## WHAT YOU ARE ASKED TO DO
Your reply must hold the lines from the one containing "沖繩🪿🦆動物園近距離接觸動物👍🏻" to the end of the entries, copied exactly, with pictures excluded.

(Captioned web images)
+ + + + +

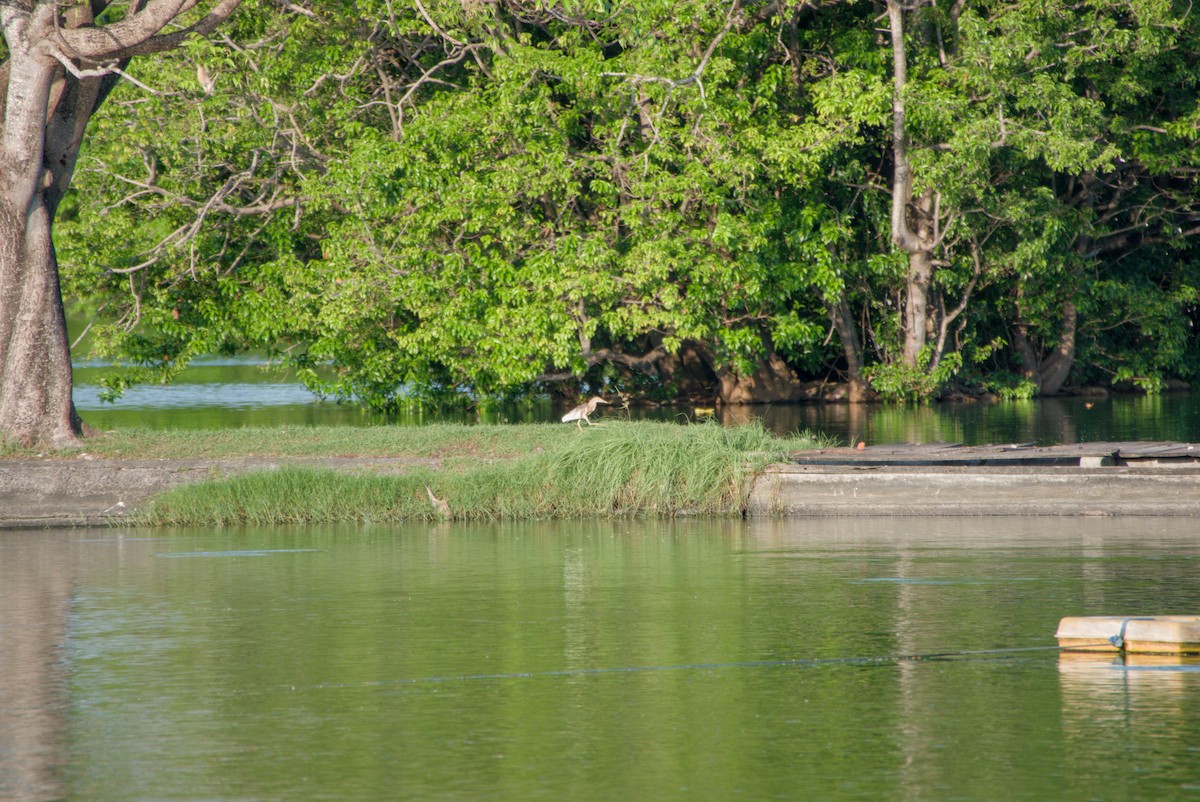Javan Pond-Heron - ML643702824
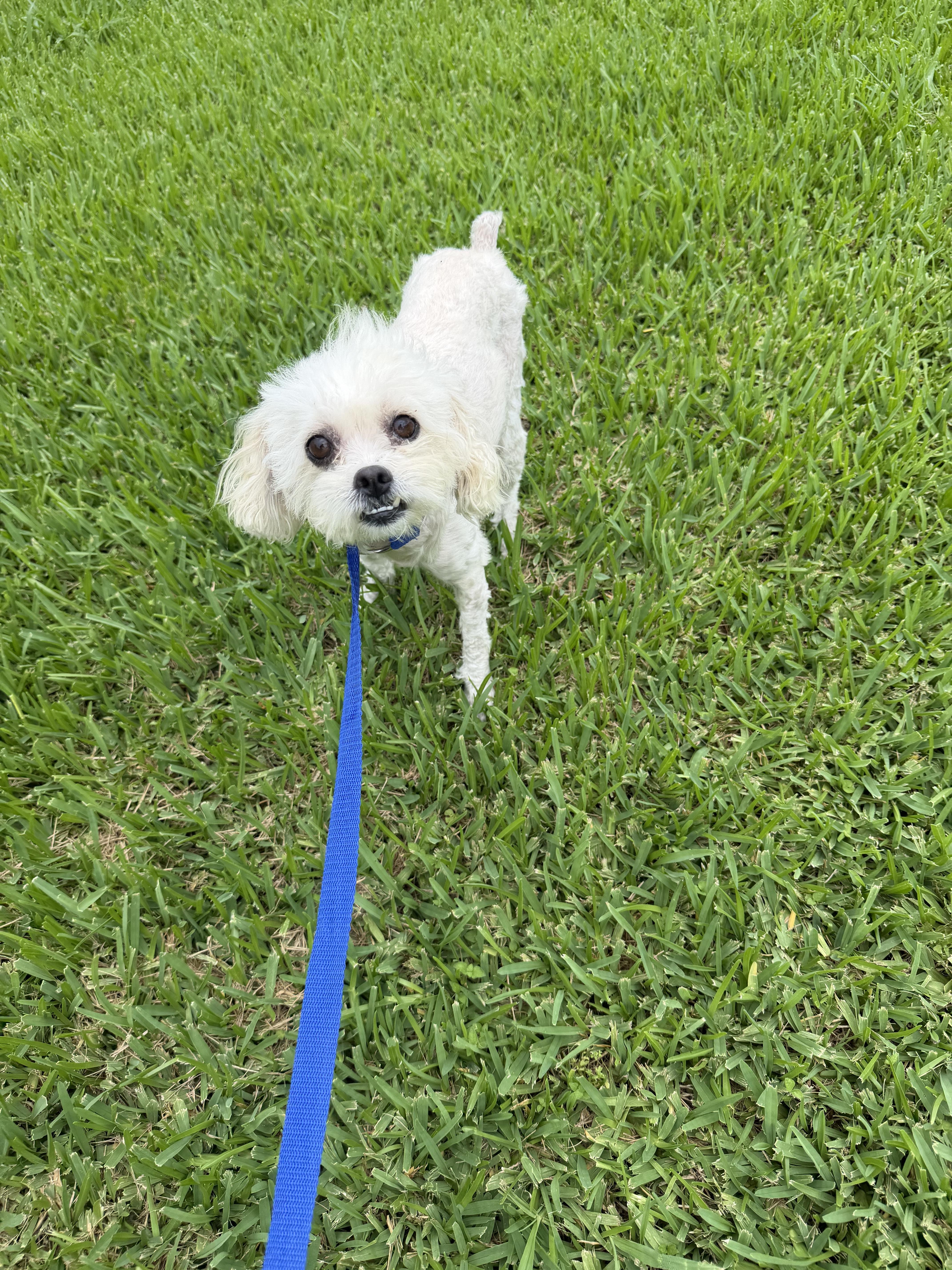 Duchess, a ADOPTABLE mixed breed in Westerly, RI image 2/4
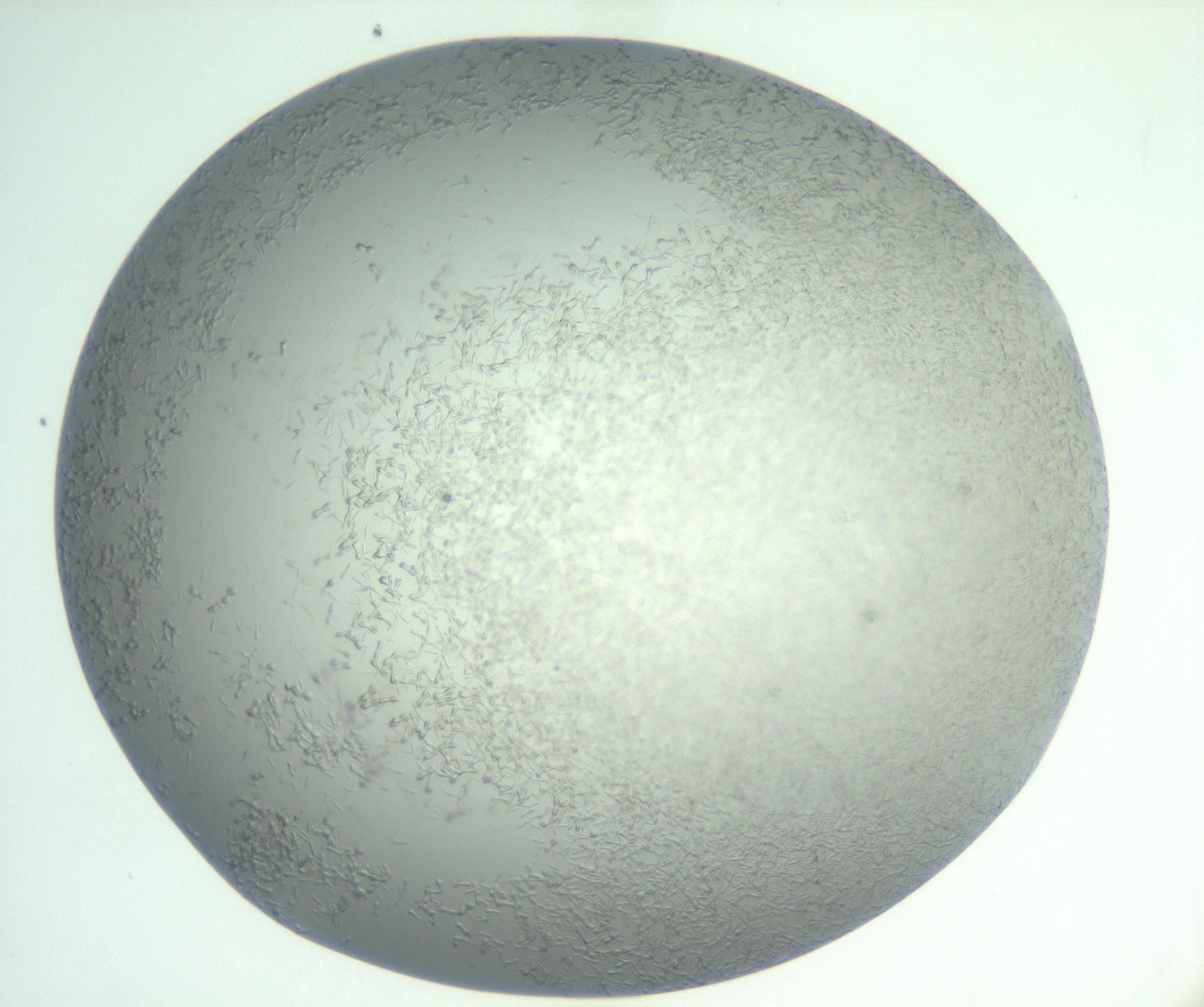 RI01_03_000_0212_Proj1_Clon1_MC_0000MC102885_004_161024_09_04_01_00_99_002_001_RAI.jpg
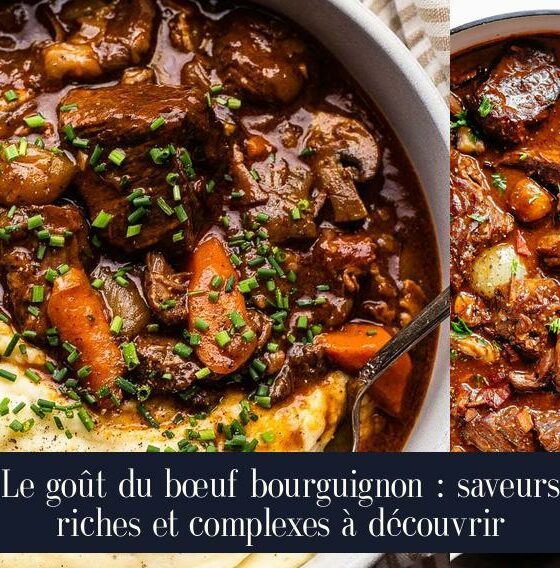 Le goût du bœuf bourguignon : saveurs riches et complexes à découvrir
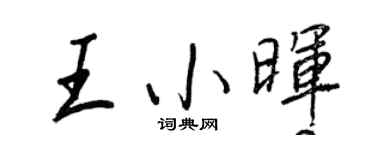 王正良王小暉行書個性簽名怎么寫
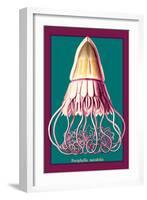 Jellyfish: Periphylla Mirabilis-Ernst Haeckel-Framed Art Print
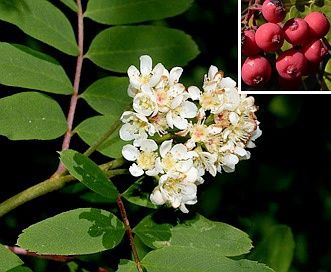 Ash, Sitka Mountain, Sorbus sitchensis
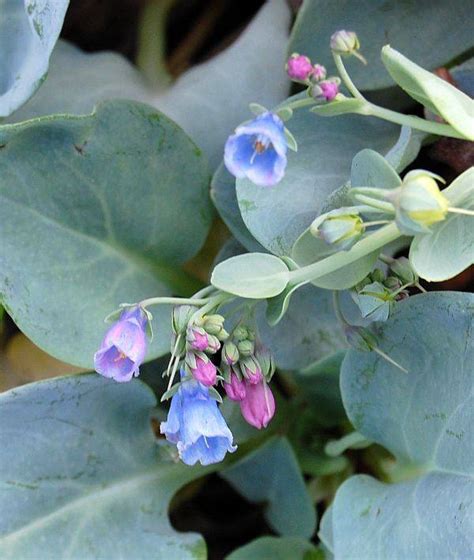 Mertensia Maritima Ssp Asiatica Austernpflanze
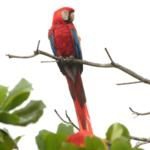 Getting to Know Costa Rica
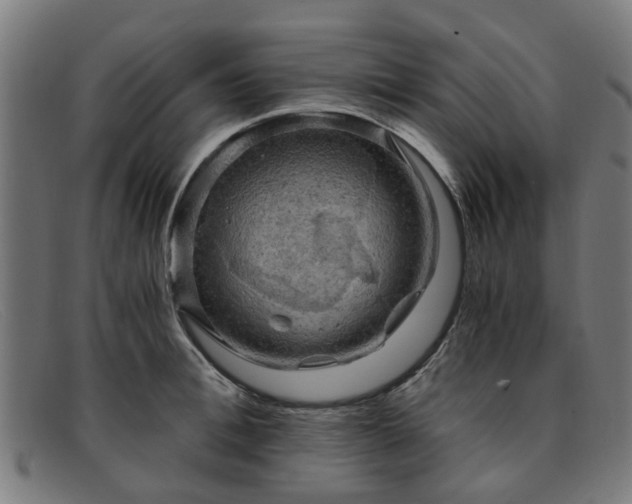 X0000091880996200709121410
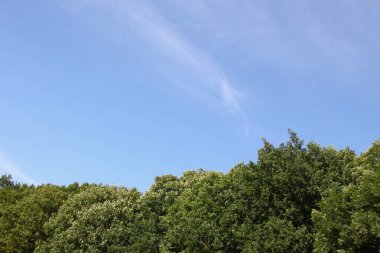 Ağustosta güzel bir manzara, yani orman ve tarlalı mavi gökyüzü.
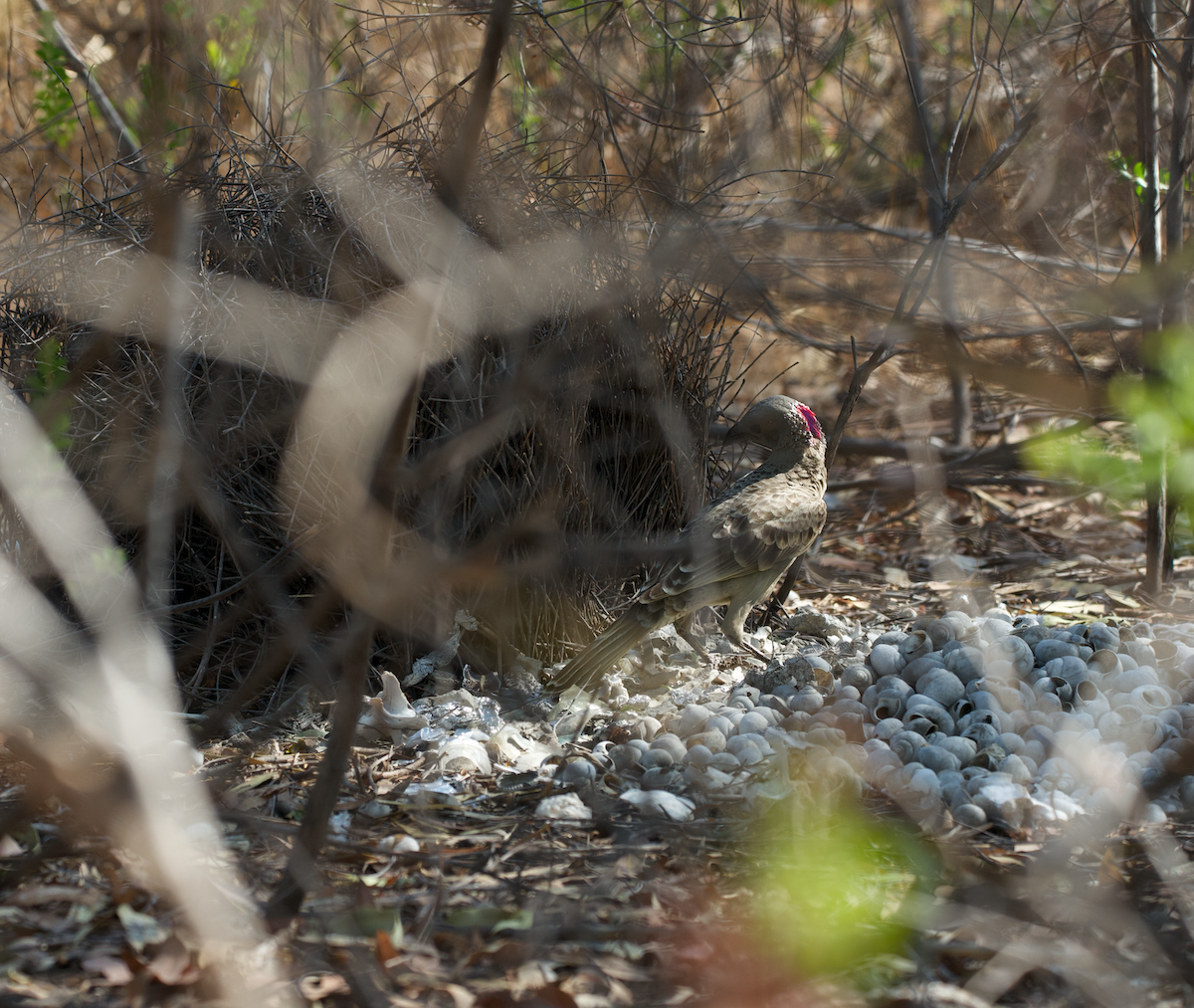 Great Bowerbird - ML628760909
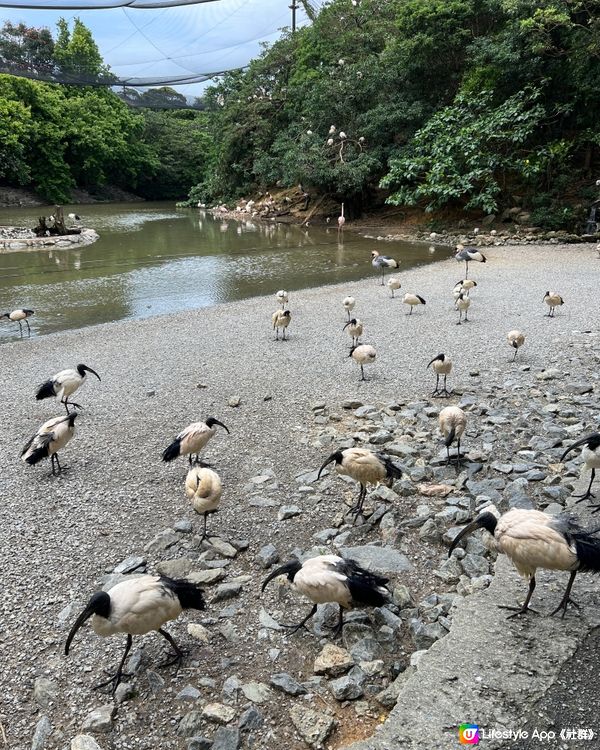 沖繩🪿🦆動物園近距離接觸動物👍🏻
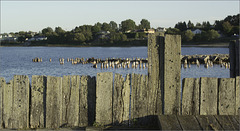 Old Dock, Older Dock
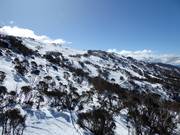 Pendii freeride e di neve fresca nella parte superiore di Thredbo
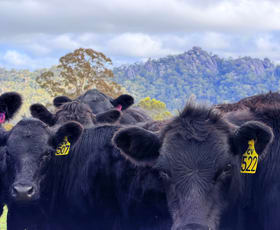 Rural / Farming commercial property for sale at 410 Honeysuckle Falls Road Tarana NSW 2787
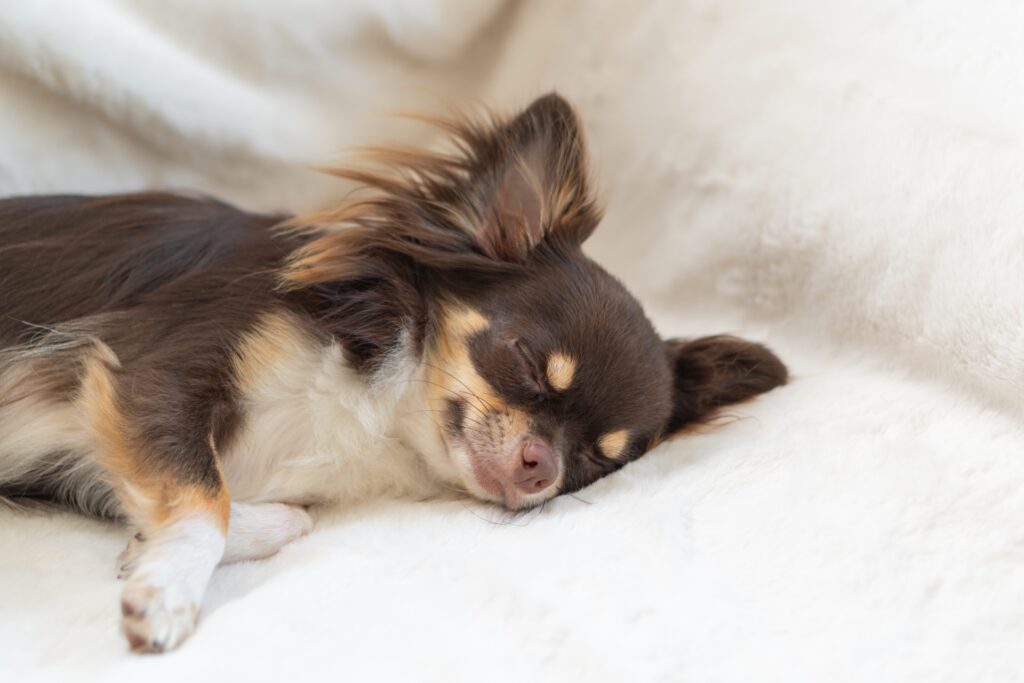 脱水症状でも気を付けたいもの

+ + + + +

## ANSWER TO THIS TASK
 沖繩🪿🦆動物園近距離接觸動物👍🏻
 Old Dock, Older Dock
 Pendii freeride e di neve fresca nella parte superiore di Thredbo
 Rural / Farming commercial property for sale at 410 Honeysuckle Falls Road Tarana NSW 2787
 脱水症状でも気を付けたいもの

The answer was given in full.